Required action | Copy each line of the following data that contains "image".

Records for this task |
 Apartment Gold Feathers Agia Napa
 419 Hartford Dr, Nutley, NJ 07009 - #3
---
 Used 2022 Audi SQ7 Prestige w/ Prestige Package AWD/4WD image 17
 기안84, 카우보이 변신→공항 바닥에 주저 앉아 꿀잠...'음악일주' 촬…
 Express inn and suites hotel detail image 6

Written reply |
 Used 2022 Audi SQ7 Prestige w/ Prestige Package AWD/4WD image 17
 Express inn and suites hotel detail image 6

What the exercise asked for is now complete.